RECORDED INFORMATION:
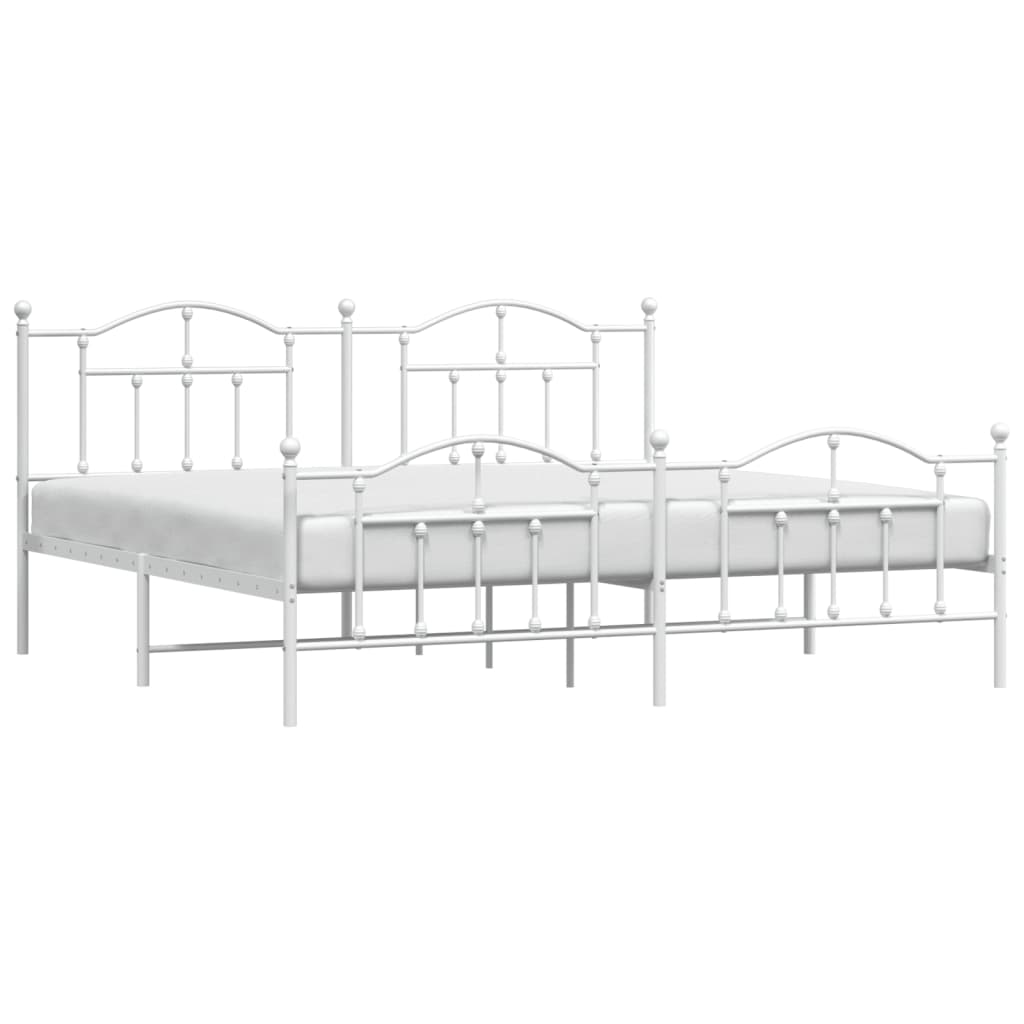 Bed frame with head and footboard metal white 200x200 cm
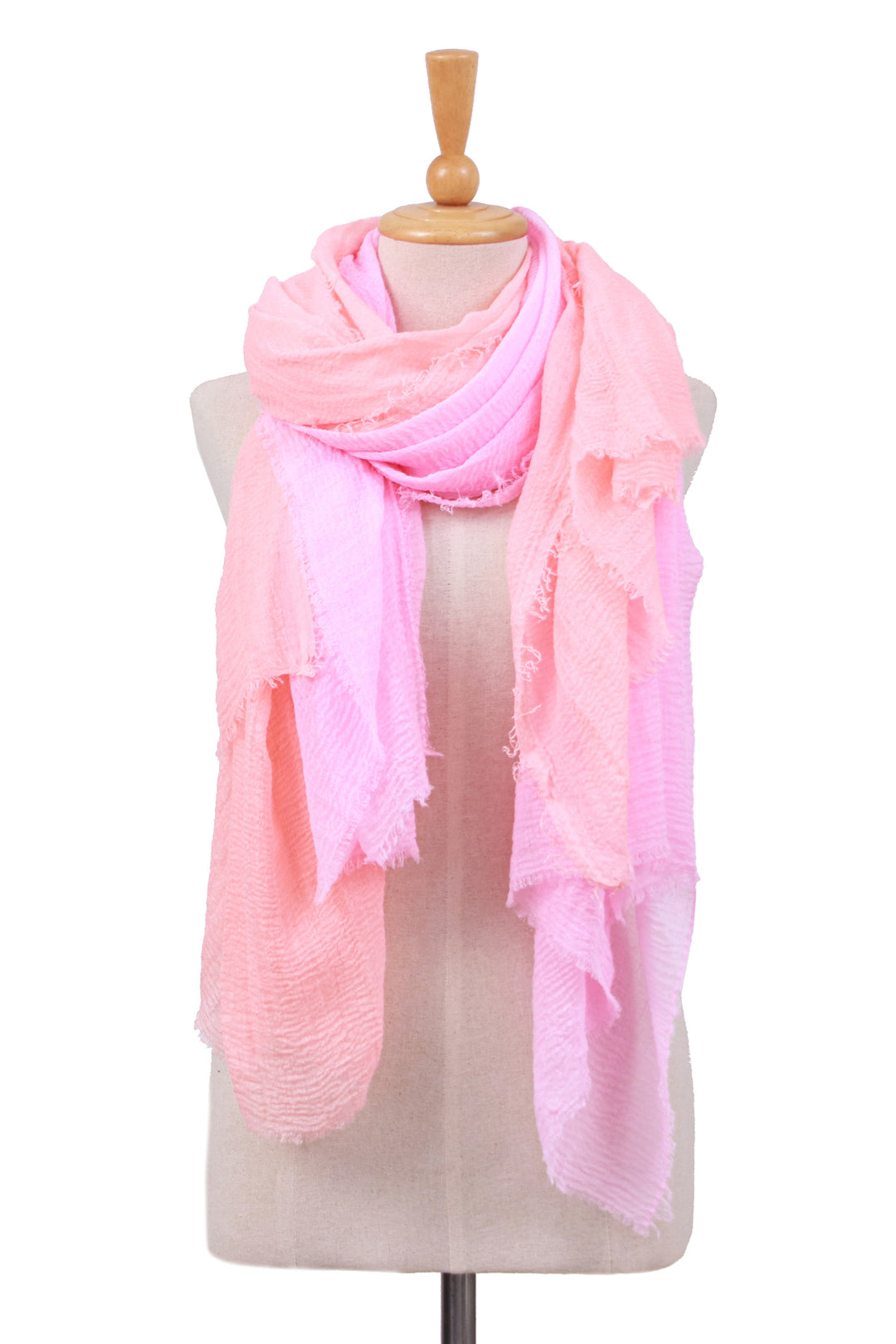 Set of 2 Handwoven Soft Pastel Pink and Blush Cotton Scarves - Pink Celebration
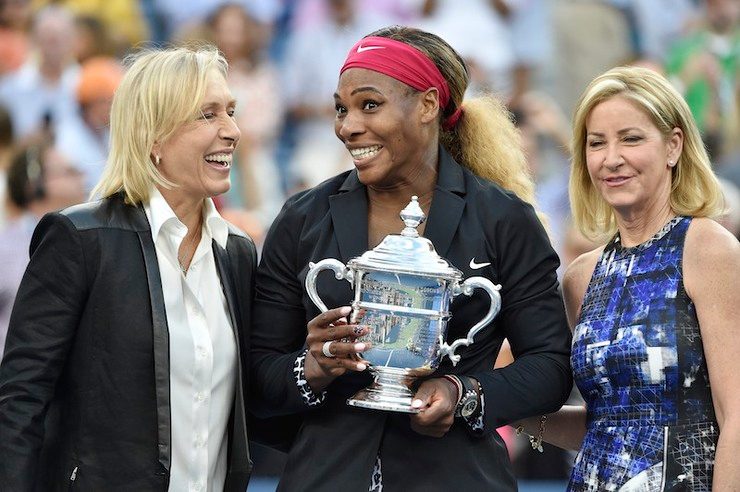'18' CLUB. Serena Williams reacts with the championship trophy alongside tennis greats Martina Navratilova (L) and Chris Evert (R) after defeating Caroline Wozniacki to win the women's final match of the 2014 US Open Tennis Championship in New York, USA, 07 September 2014. Justin Lane/EPA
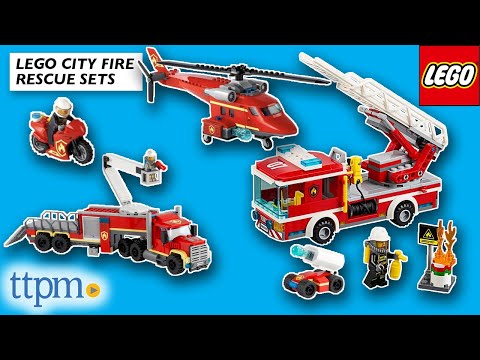 LEGO City Fire Command Unit, Fire Rescue Helicopter, and Fire Ladder Truck Review | Building Toys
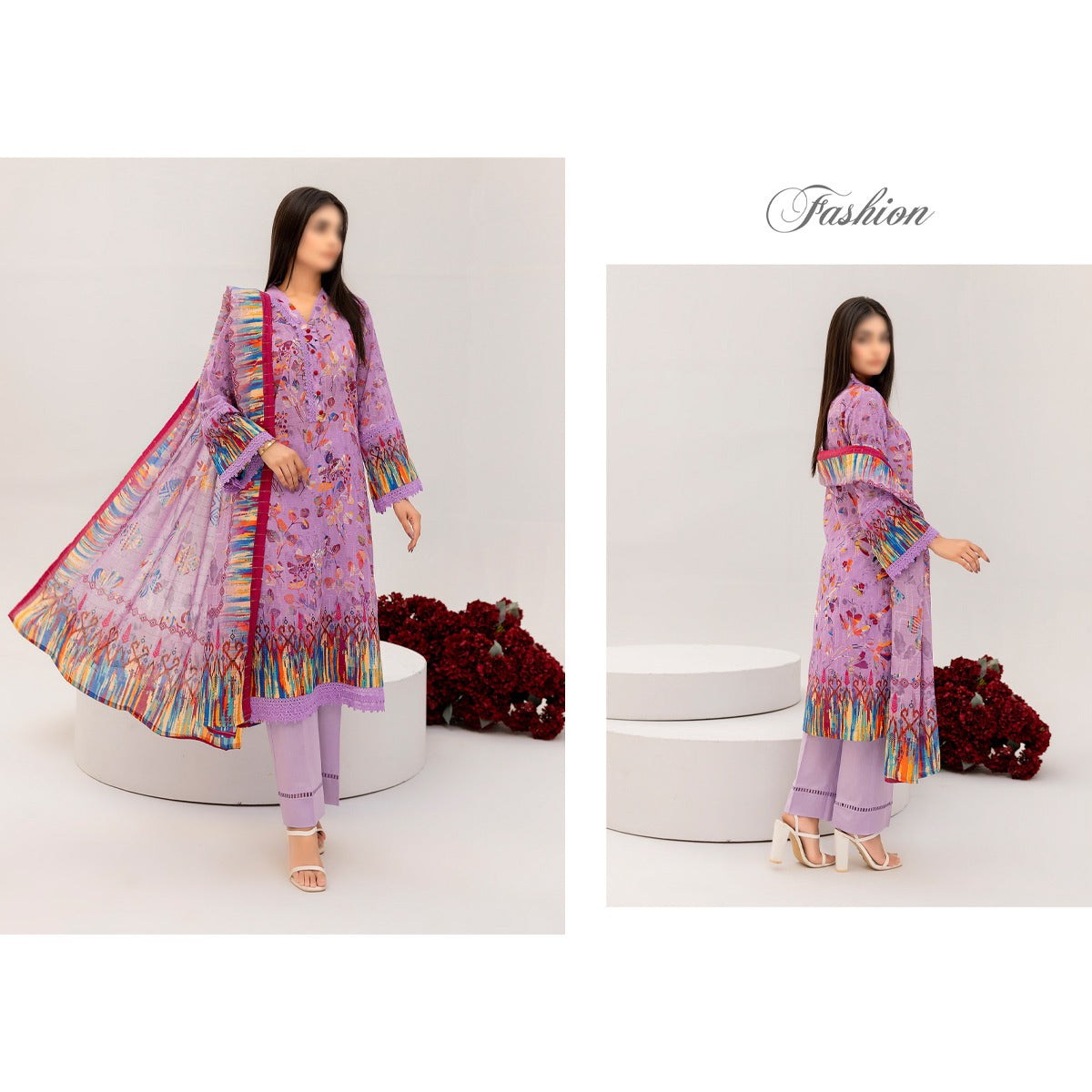 NUREH THREE PIECE DIGITAL LAWN SUIT - UNSTITCHED
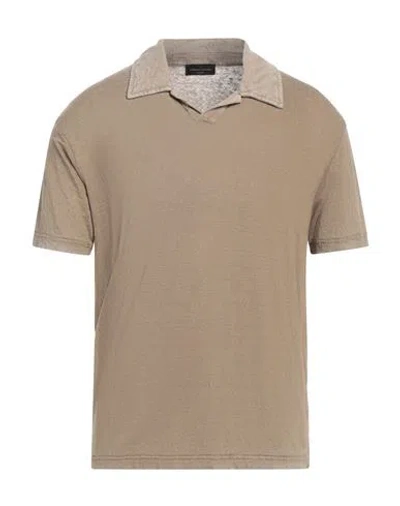 Roberto Collina Man Polo Shirt Khaki Size 38 Cotton In Beige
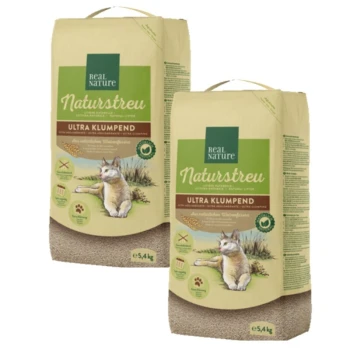 Naturstreu 2x5,4 kg Zwei Säcke Real Nature Naturstreu Ultra Klumpend Katzenstreu, jeweils 5,4 kg, mit einer Katzenillustration und natürlichen Zutaten.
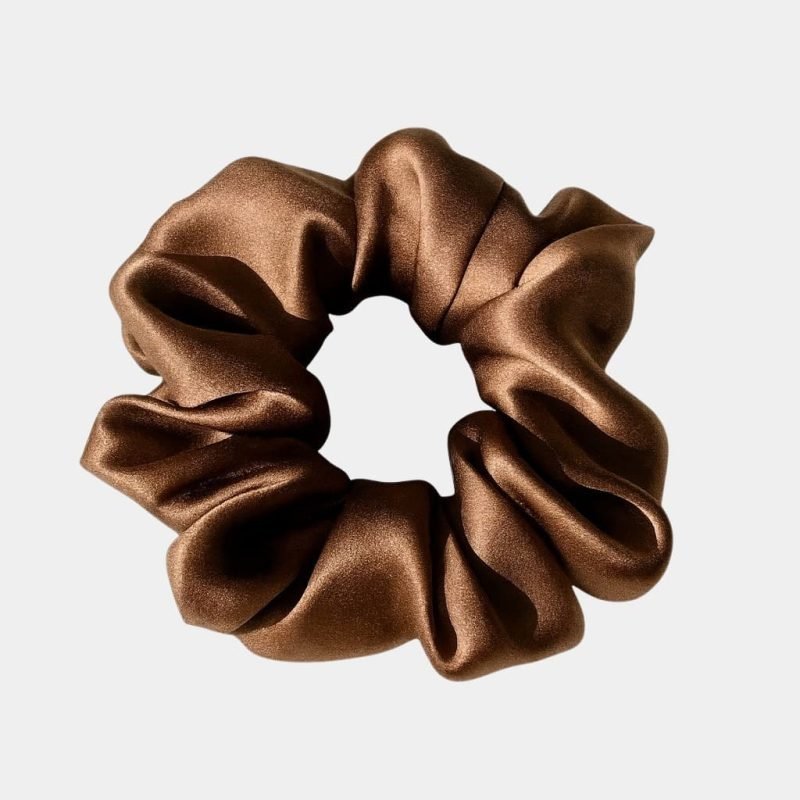 chouchou soie marron meolina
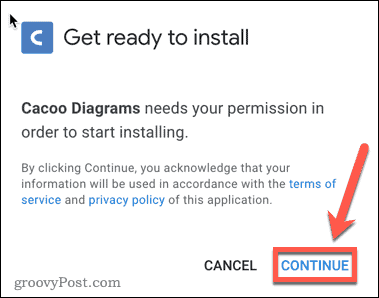 De installatie van de Google Docs Cacoo-add-on bevestigen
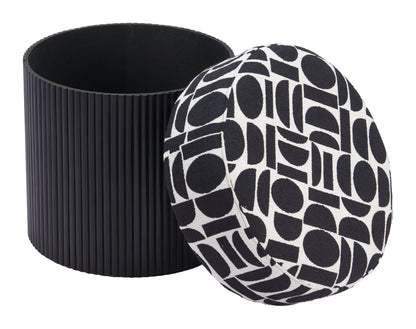 Boto Storage Ottoman Black & White – Chic and Practical Black & White Storage Ottoman for Living Room or Bedroom Decor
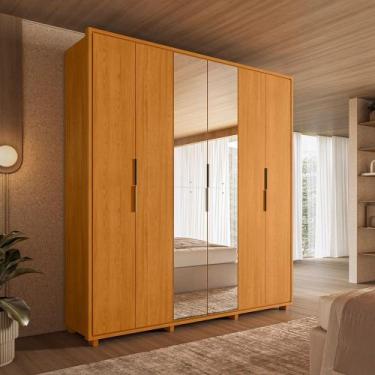 Imagem de Guarda-Roupa Casal 6 Portas 4 Gaveta 100% MDF 2 Portas com Espelho e P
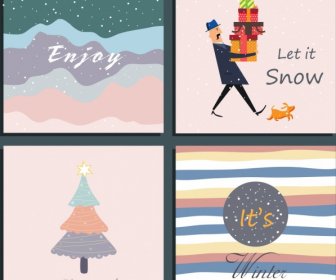 Winter Background Templates Snowfall Gifts Fir Trees Icons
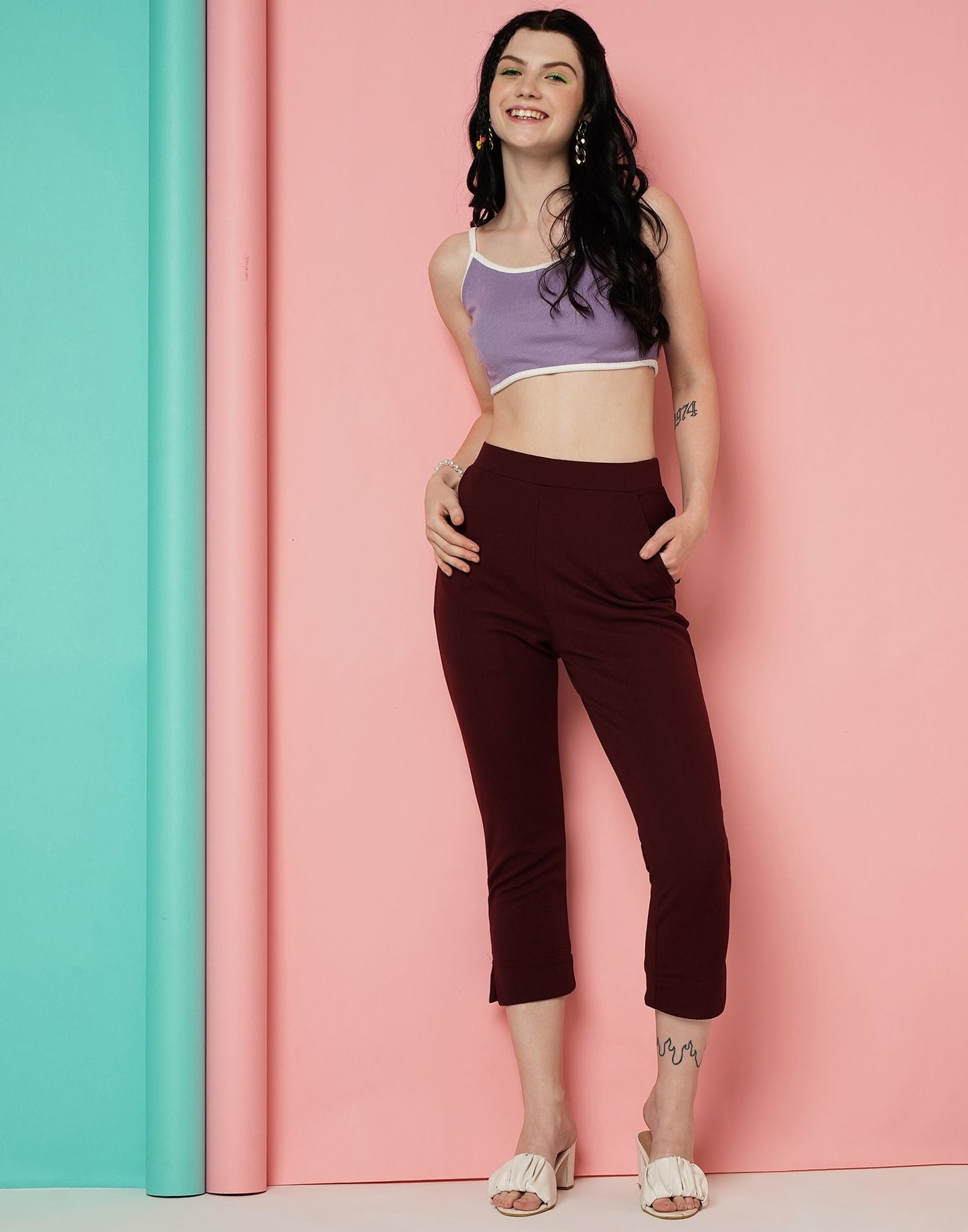 Maroon Ankle Length Trouser | Sudathi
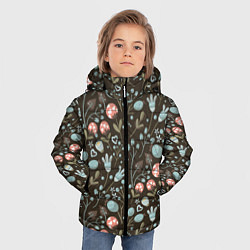 Куртка зимняя для мальчика Цветы и ягоды паттерн, цвет: 3D-красный — фото 2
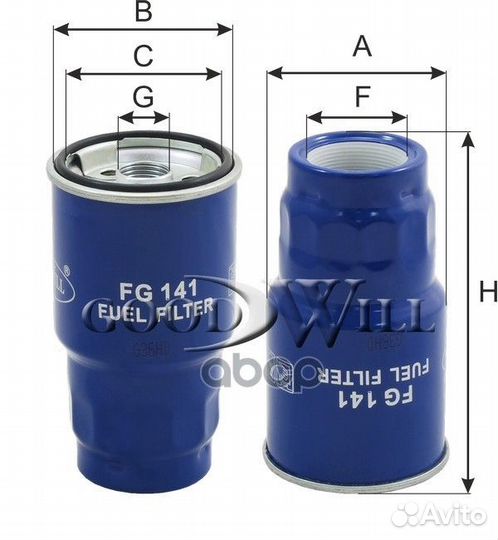 Фильтр топливный toyota, mazda, komatsu FG141 G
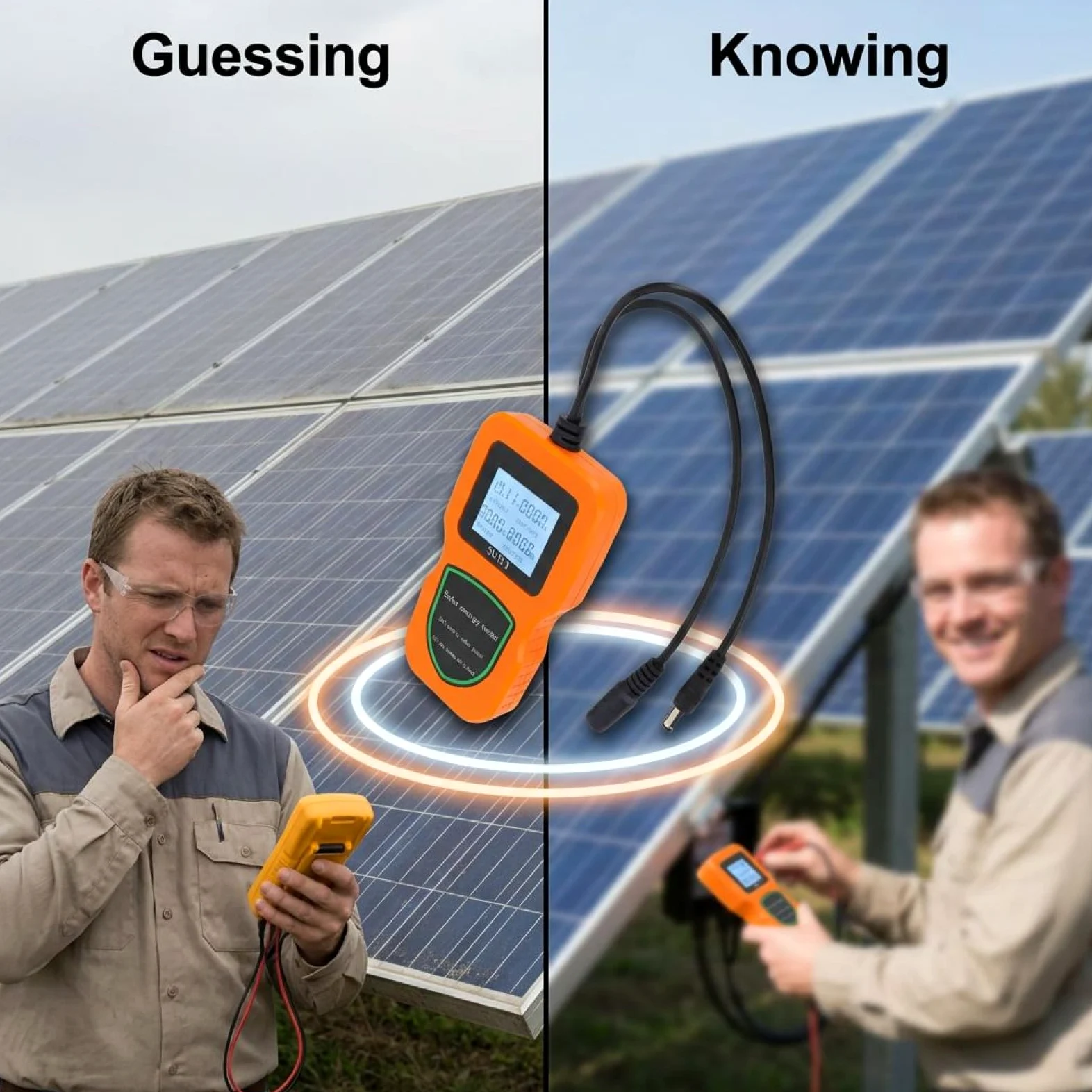 Tester per pannelli solari, 500 W, multimetro fotovoltaico LCD arancione, ampio raggio 5 W-500 W, display corrente di tensione, retroilluminazione, include clip di alimentazione, per analisi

TASK GOAL: Return exactly the lines that begin with the one containing "Roberto Collina Man" and end with the final line of the data above; include no pictures.

RESULT OF THE EXERCISE:
 Roberto Collina Man Polo Shirt Khaki Size 38 Cotton In Beige
 Naturstreu 2x5,4 kg Zwei Säcke Real Nature Naturstreu Ultra Klumpend Katzenstreu, jeweils 5,4 kg, mit einer Katzenillustration und natürlichen Zutaten.
 chouchou soie marron meolina
 De installatie van de Google Docs Cacoo-add-on bevestigen
 Boto Storage Ottoman Black & White – Chic and Practical Black & White Storage Ottoman for Living Room or Bedroom Decor
 Imagem de Guarda-Roupa Casal 6 Portas 4 Gaveta 100% MDF 2 Portas com Espelho e P
 Winter Background Templates Snowfall Gifts Fir Trees Icons
 Maroon Ankle Length Trouser | Sudathi
 Куртка зимняя для мальчика Цветы и ягоды паттерн, цвет: 3D-красный — фото 2
 Фильтр топливный toyota, mazda, komatsu FG141 G
 Tester per pannelli solari, 500 W, multimetro fotovoltaico LCD arancione, ampio raggio 5 W-500 W, display corrente di tensione, retroilluminazione, include clip di alimentazione, per analisi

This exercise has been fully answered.